● **Materials provided**:
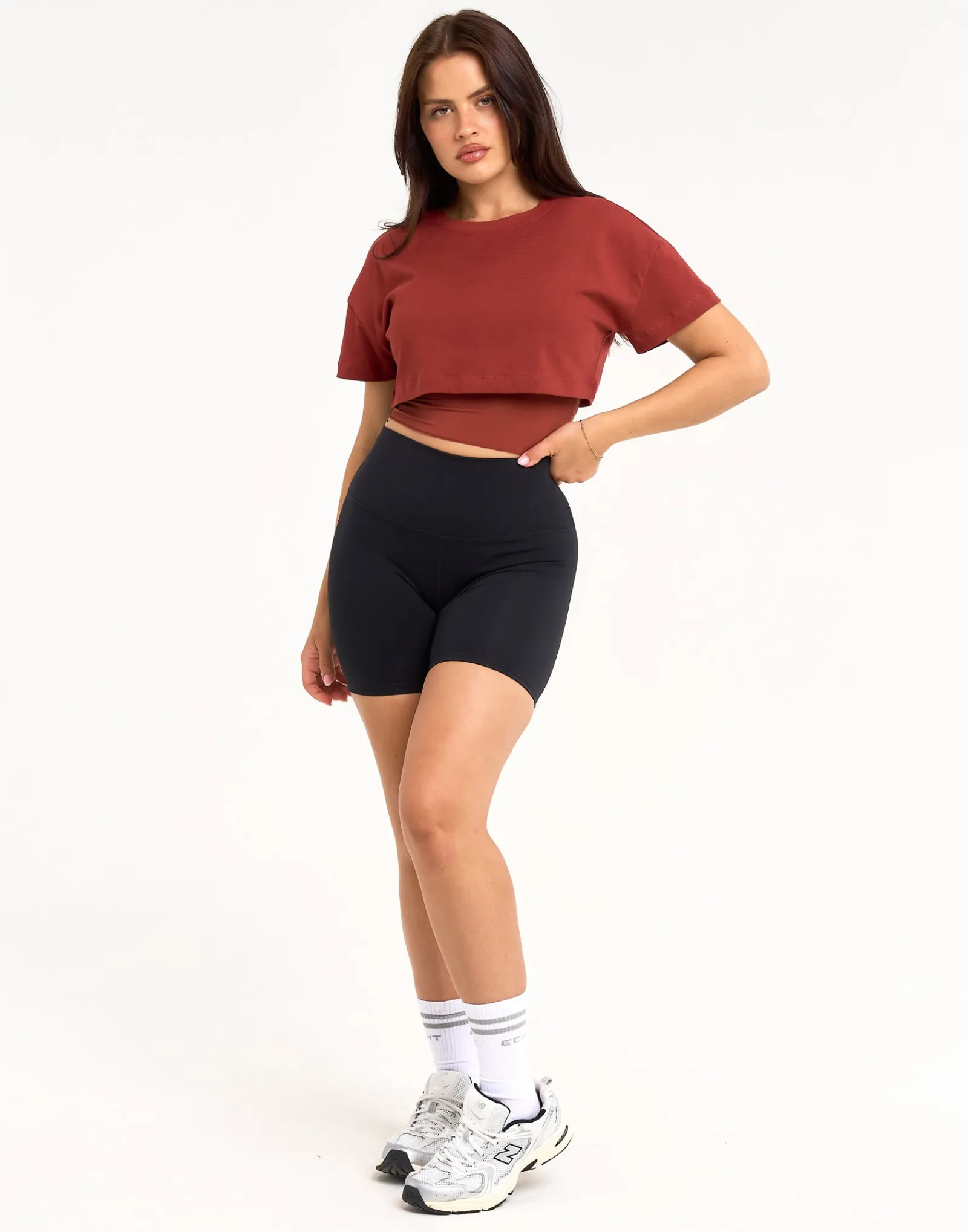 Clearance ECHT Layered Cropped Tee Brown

--

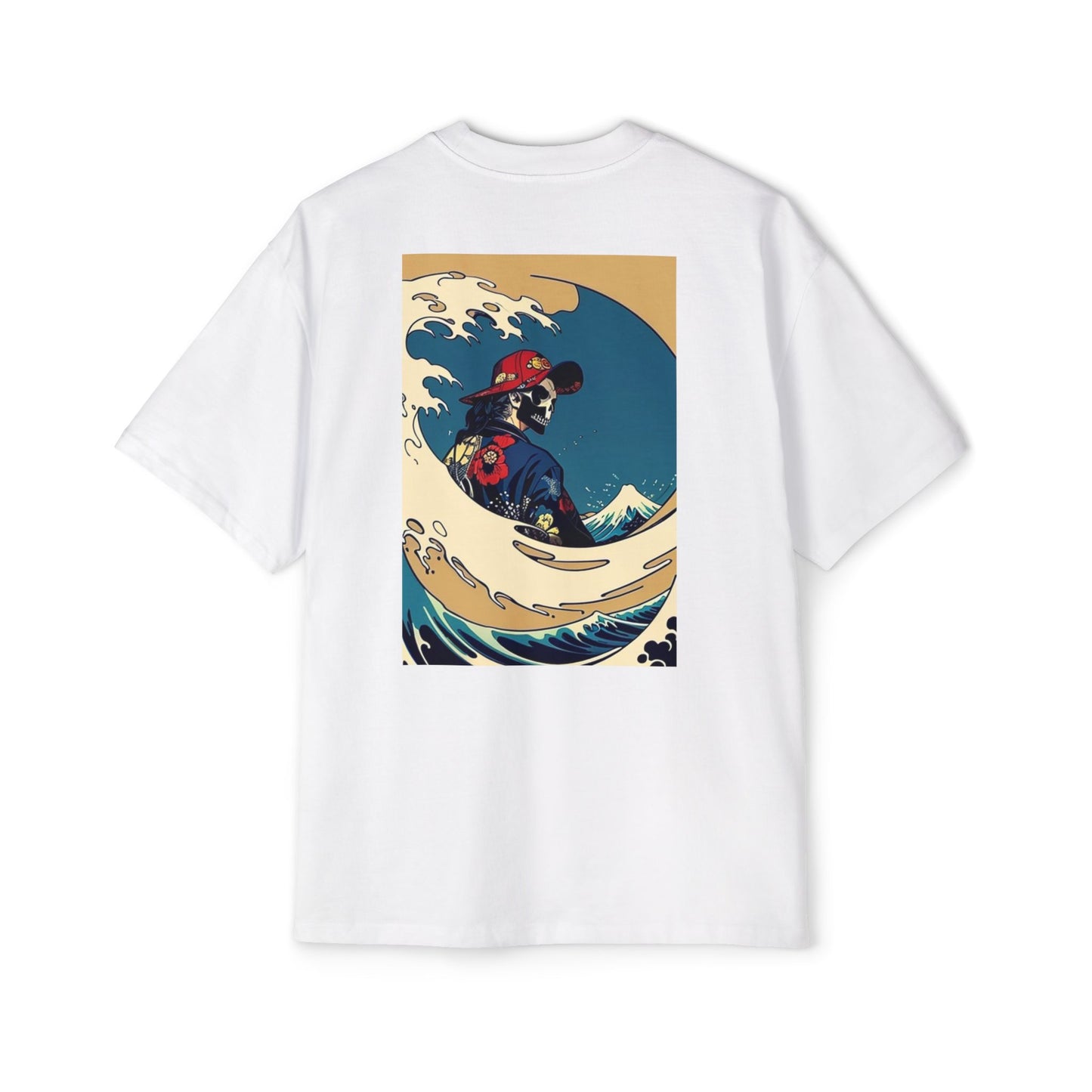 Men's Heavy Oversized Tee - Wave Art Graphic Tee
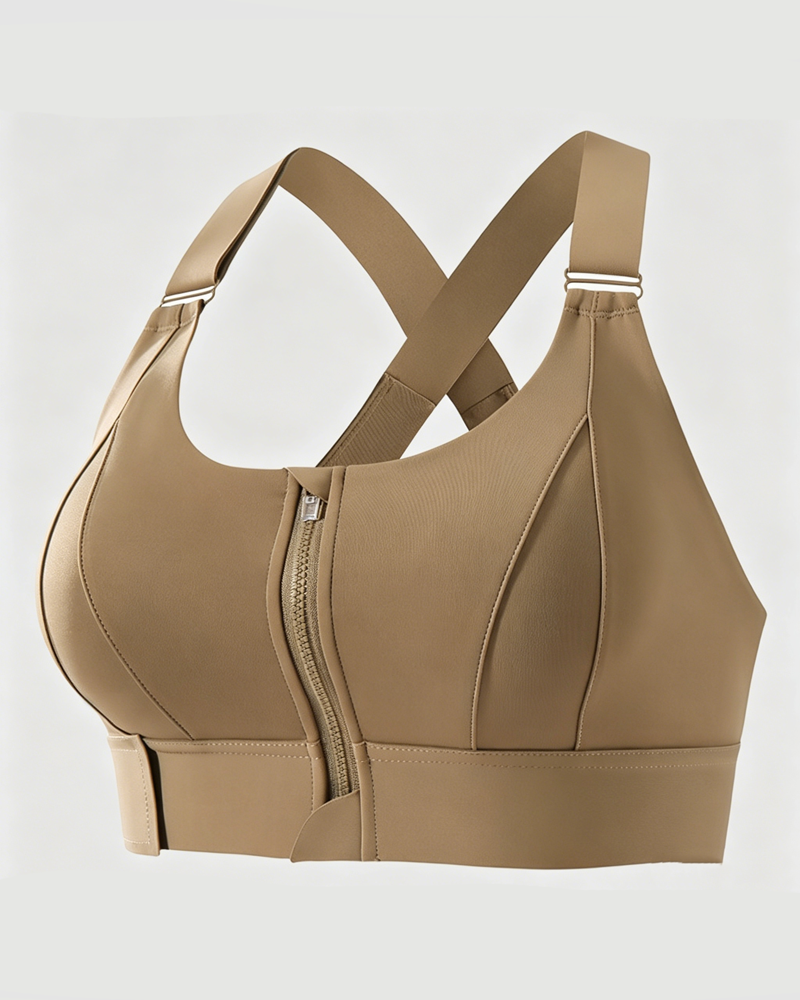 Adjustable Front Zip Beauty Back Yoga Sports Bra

...

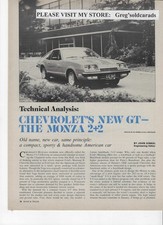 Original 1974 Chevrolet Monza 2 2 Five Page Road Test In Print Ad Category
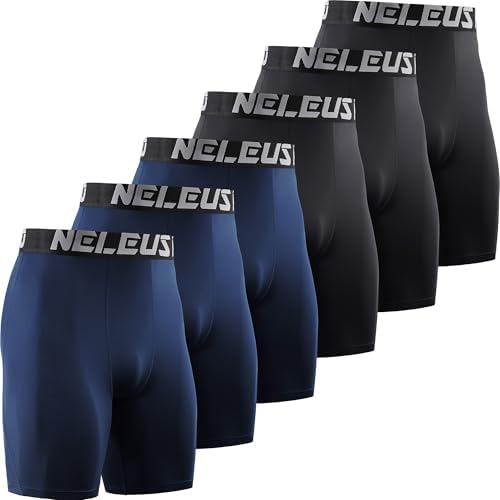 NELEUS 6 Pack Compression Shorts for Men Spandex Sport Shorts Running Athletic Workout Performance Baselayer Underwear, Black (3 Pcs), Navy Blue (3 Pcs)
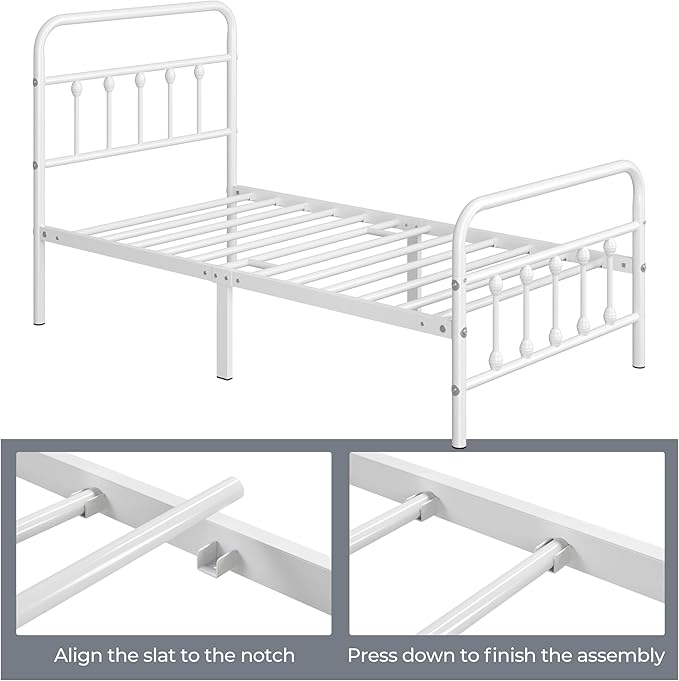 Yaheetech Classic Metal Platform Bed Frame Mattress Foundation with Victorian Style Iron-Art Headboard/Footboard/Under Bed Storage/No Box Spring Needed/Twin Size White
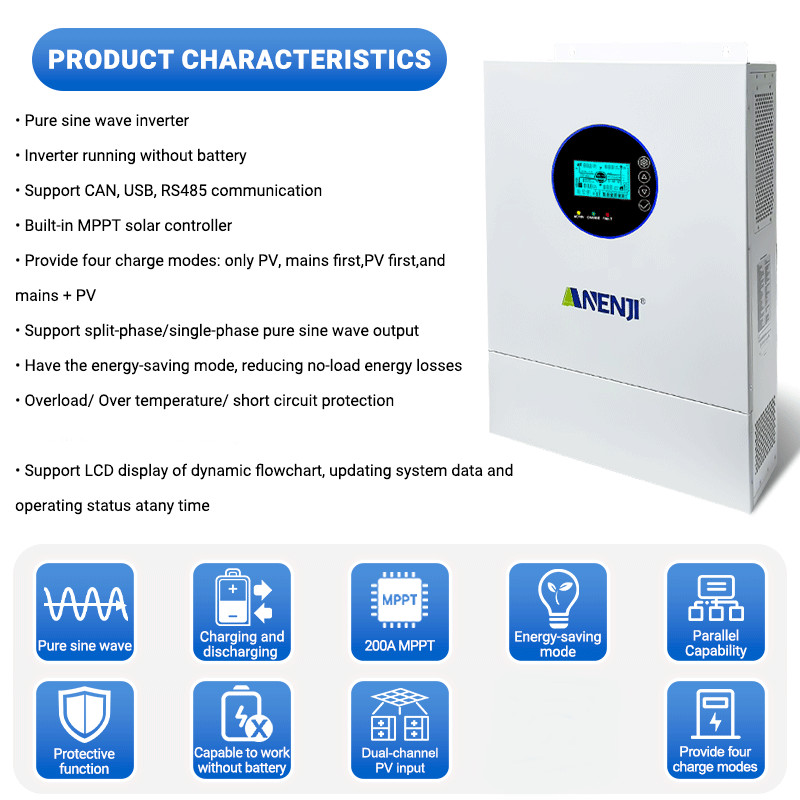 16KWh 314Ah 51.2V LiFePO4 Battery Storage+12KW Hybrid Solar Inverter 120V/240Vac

● **Brief**: Starting at the line containing "Men's Heavy Oversized" and stopping at the line containing "Adjustable Front Zip", output every line above exactly, both ends included, with pictures omitted.

● **Solution**:
 Men's Heavy Oversized Tee - Wave Art Graphic Tee
 Adjustable Front Zip Beauty Back Yoga Sports Bra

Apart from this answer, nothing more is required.